Smaczku rywalizacji od kilku lat dodaje też osoba Piotra Barona. Obecny menedżer Fogo Unii, który poprowadził "Byki" do czterech z rzędu tytułów mistrza Polski, wcześniej pracował we Wrocławiu i odszedł z Betard Sparty w nie najlepszej atmosferze. Ostatnimi czasy Baron miał jednak sporo powodów do niepokoju i mogło się nawet wydawać, że jego zespół w końcu opuści tron PGE Ekstraligi. Powrót do formy Piotra Pawlickiego daje kibicom nadzieję, że będzie jednak inaczej.

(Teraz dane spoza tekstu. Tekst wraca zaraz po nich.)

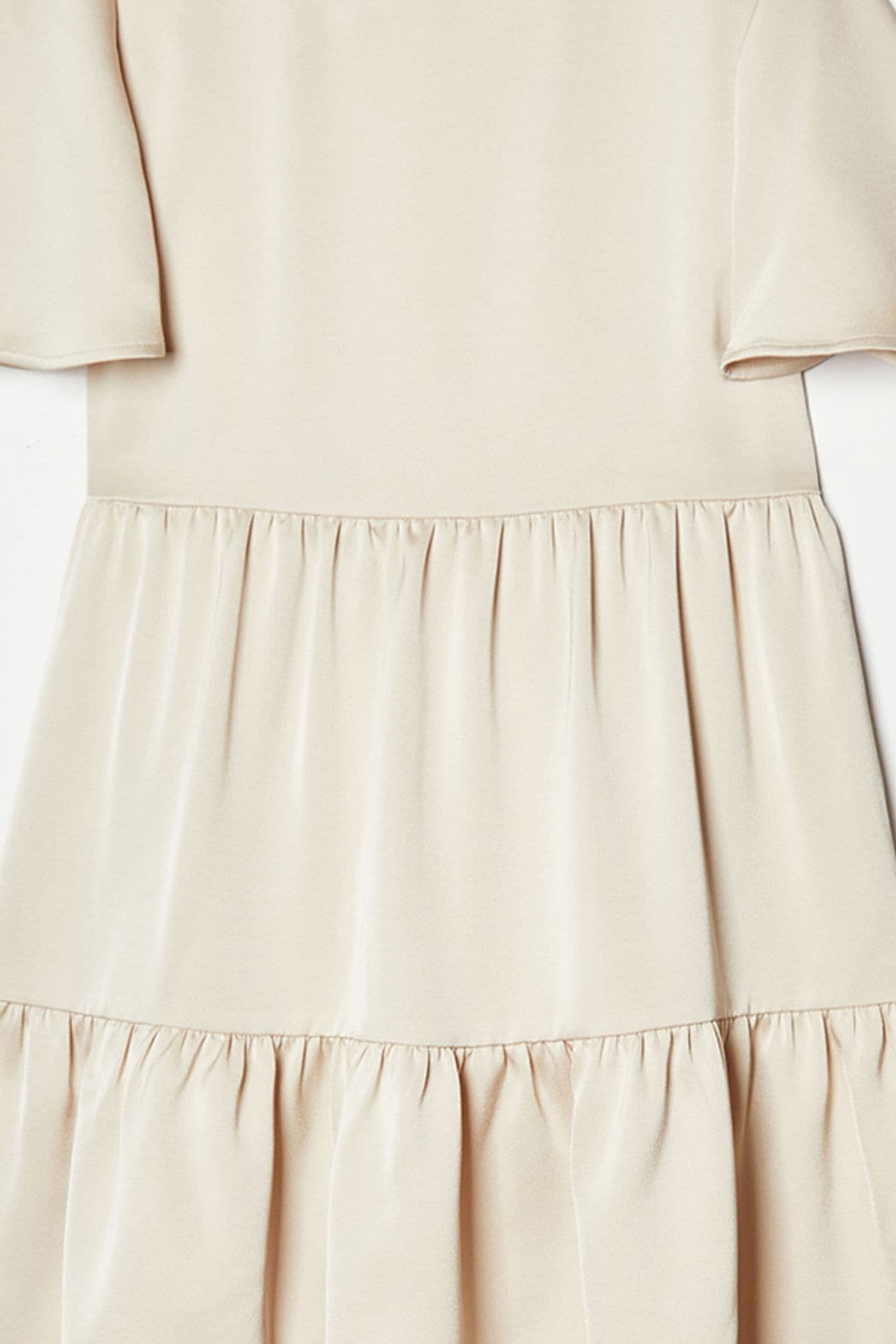 Coast Girls Satin Back Crepe Tiered Angel Sleeve Dress Champagne image 7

ZOBACZ WIDEO Żużlowiec Falubazu opowiada, jak zespół zareagował na porażkę z Włókniarzem
Leszczynianie zawiedli chociażby we Wrocławiu, gdzie przegrali 43:47. Wynik uzyskany wówczas przez "Byki" i tak był ponad stan, bo gościom udało się poprawić dorobek dopiero w biegach nominowanych, gdy losy spotkania były rozstrzygnięte. Efekt jest taki, że mają w tej chwili spore szanse nawet na punkt bonusowy.

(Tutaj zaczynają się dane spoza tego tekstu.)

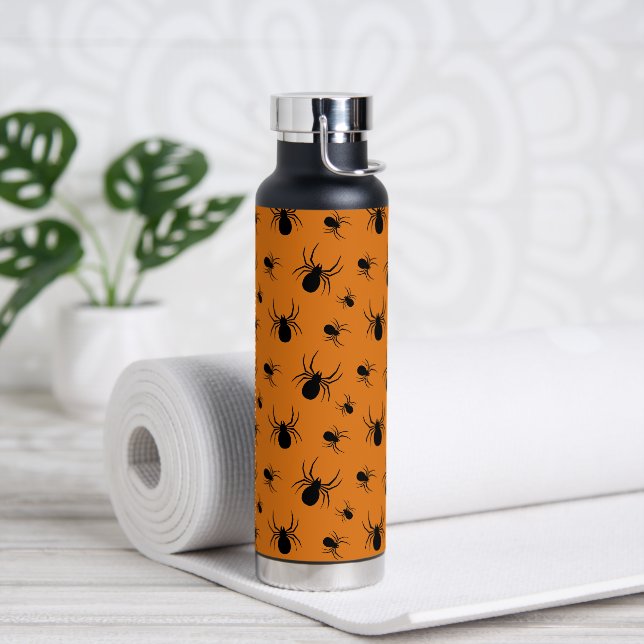 Spiders Halloween pattern Black and Orange Water Bottle (Yoga)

Pokonanie Betard Sparty i zdobycie bonusa jest kluczowe dla Fogo Unii Leszno ze względu na sytuację w tabeli. Zgarnięcie trzech punktów w niedzielę sprawi, że "Byki" zachowają szansę na pierwszą pozycję w tabeli. Wiązałoby się to z uniknięciem teoretycznie trudniejszego rywala w fazie play-off. Z tego samego powodu, zwłaszcza po wygranej Moje Bermudy Stali Gorzów w Częstochowie, na porażkę w Wielkopolsce nie mogą sobie pozwolić żużlowcy Betard Sparty.
Wrocławianie mogą być pewni formy Macieja Janowskiego, na odpowiednim poziomie punktują ostatnio też Tai Woffinden i Artiom Łaguta. Dlatego wynik niedzielnej potyczki uzależniony będzie od postawy drugiej linii, ale i juniorów. Po raz pierwszy od lat Betard Sparta pojedzie do Leszna z nastawieniem, że zwycięstwo w biegu młodzieżowym jest realne.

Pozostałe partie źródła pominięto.